- _What you need to do_: Below are records to transcribe in full and unchanged; omit every picture.

- _Records for this exercise_:
***

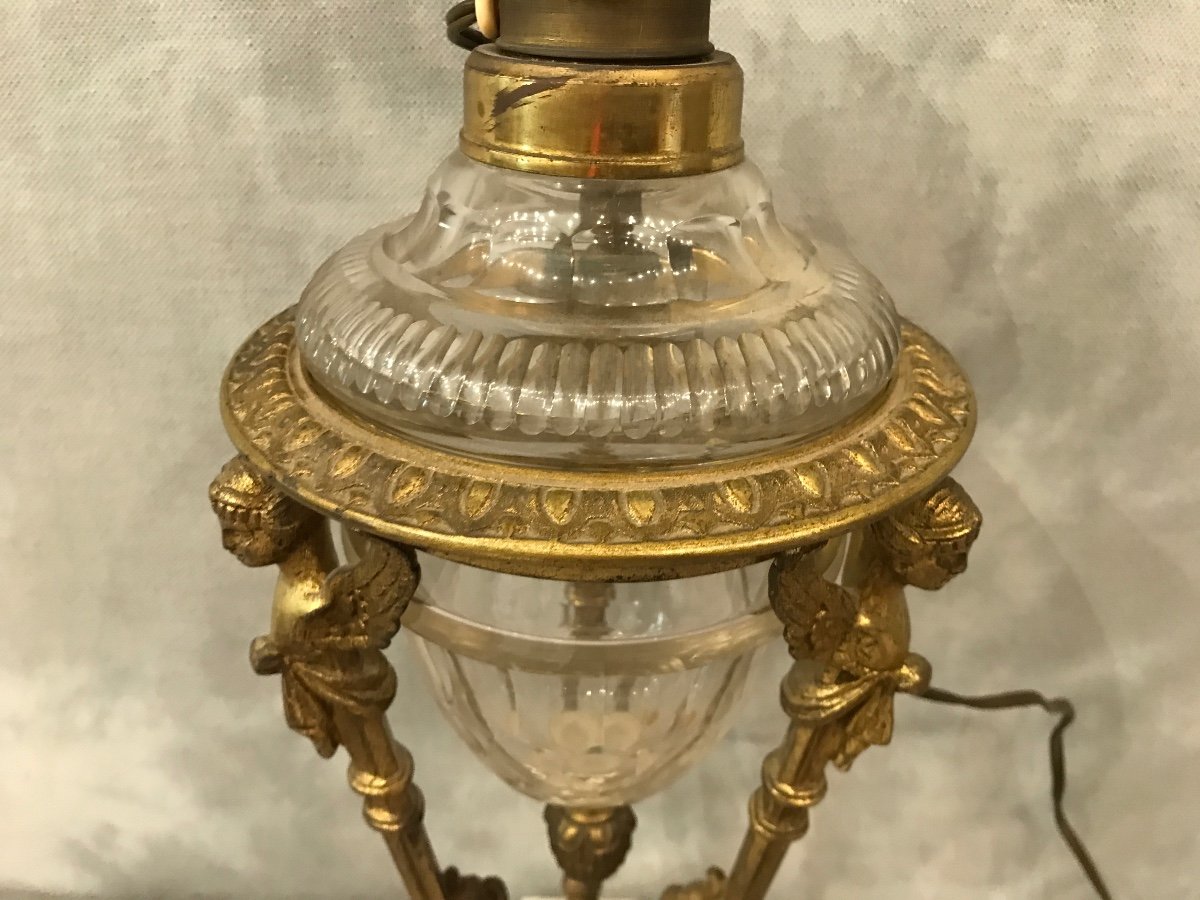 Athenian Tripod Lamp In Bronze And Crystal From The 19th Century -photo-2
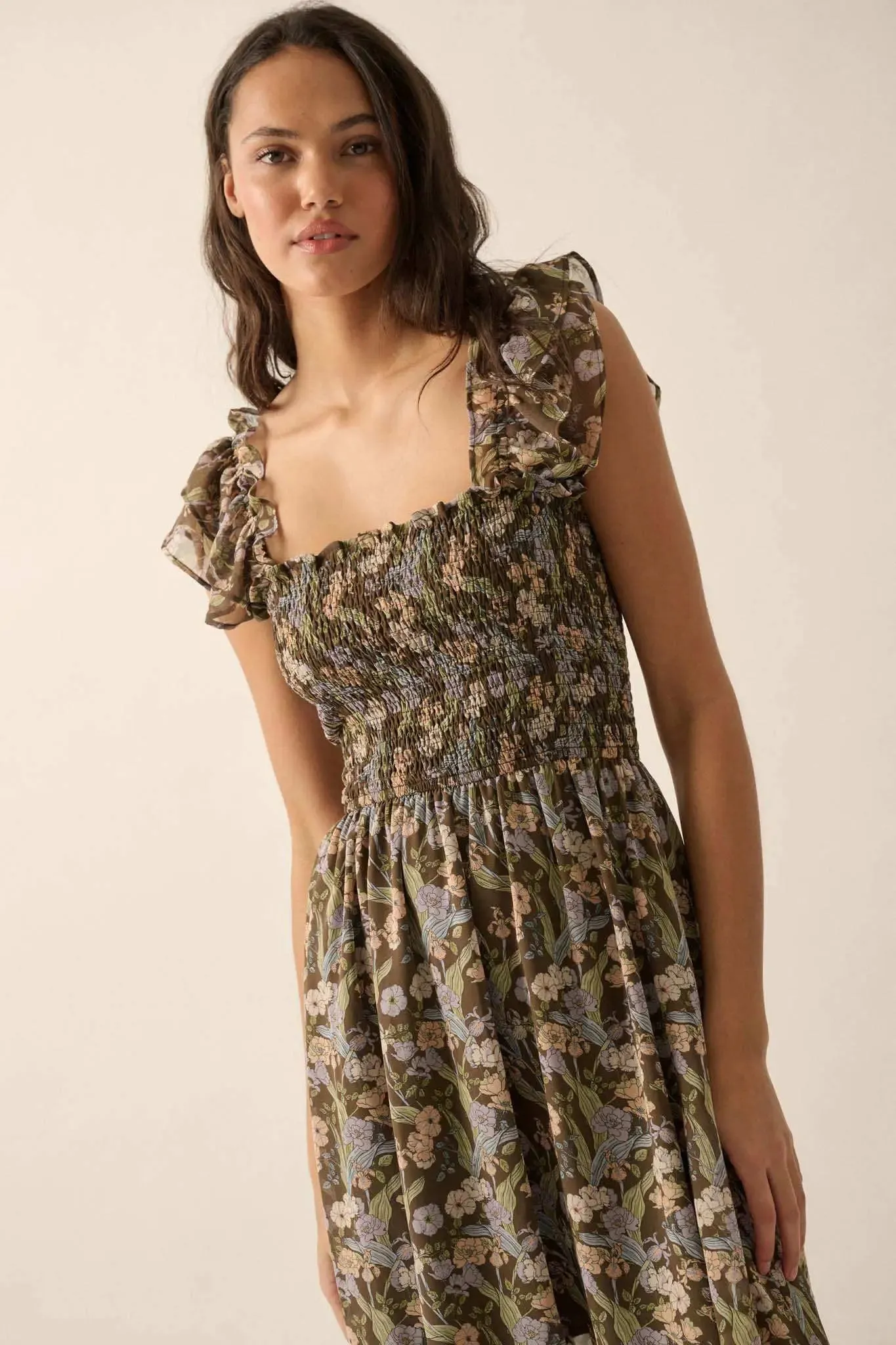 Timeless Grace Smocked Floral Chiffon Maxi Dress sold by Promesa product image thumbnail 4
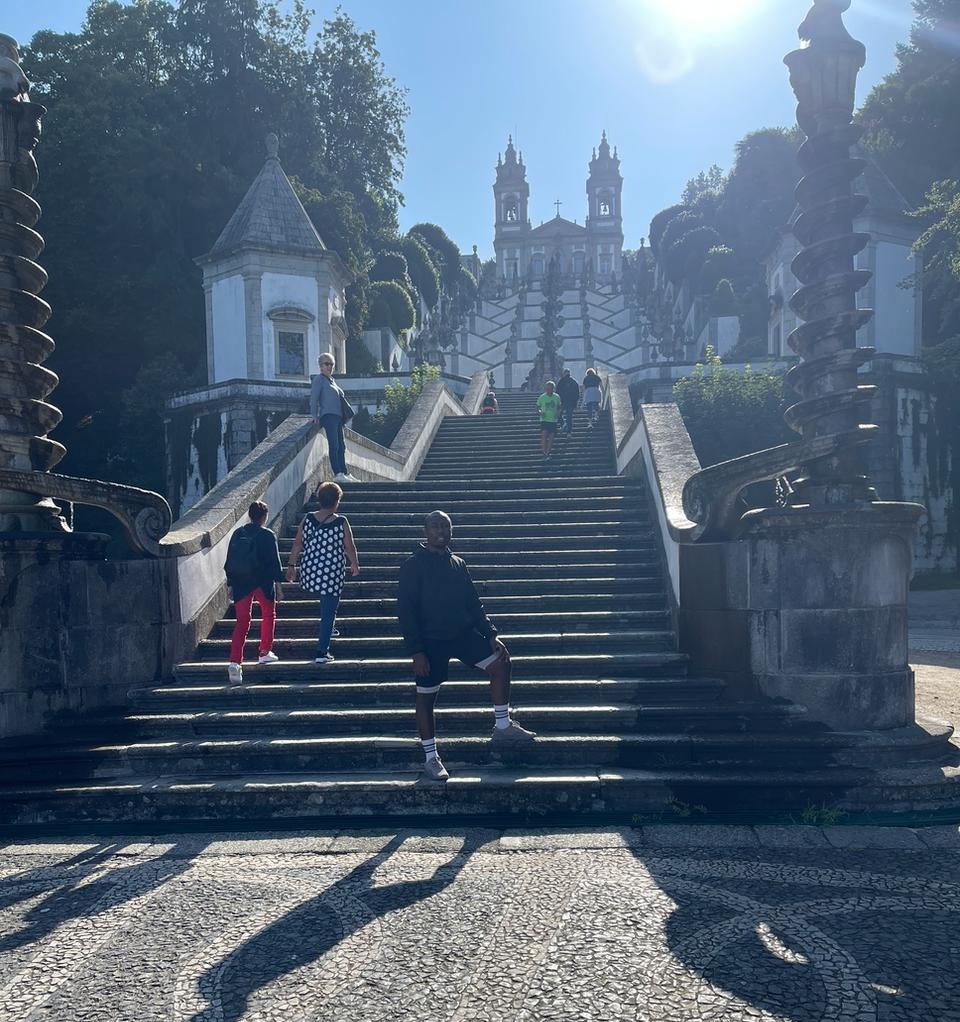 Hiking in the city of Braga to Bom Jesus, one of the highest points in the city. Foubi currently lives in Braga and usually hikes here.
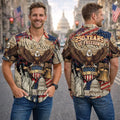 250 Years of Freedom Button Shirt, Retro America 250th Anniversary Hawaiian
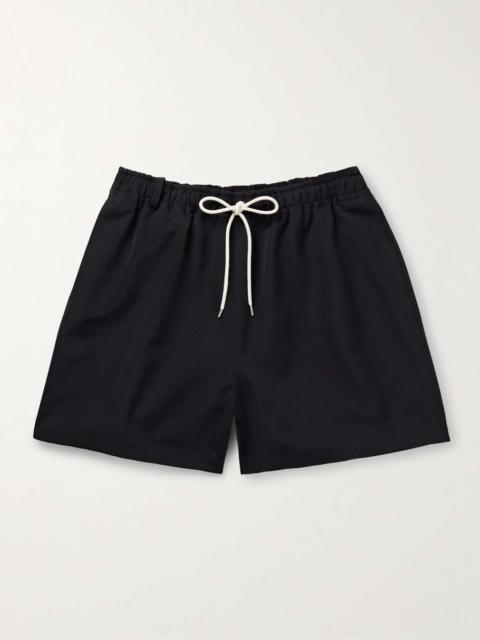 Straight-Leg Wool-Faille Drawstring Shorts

***

- _Problem solution_:
 Athenian Tripod Lamp In Bronze And Crystal From The 19th Century -photo-2
 Timeless Grace Smocked Floral Chiffon Maxi Dress sold by Promesa product image thumbnail 4
 Hiking in the city of Braga to Bom Jesus, one of the highest points in the city. Foubi currently lives in Braga and usually hikes here.
 250 Years of Freedom Button Shirt, Retro America 250th Anniversary Hawaiian
 Straight-Leg Wool-Faille Drawstring Shorts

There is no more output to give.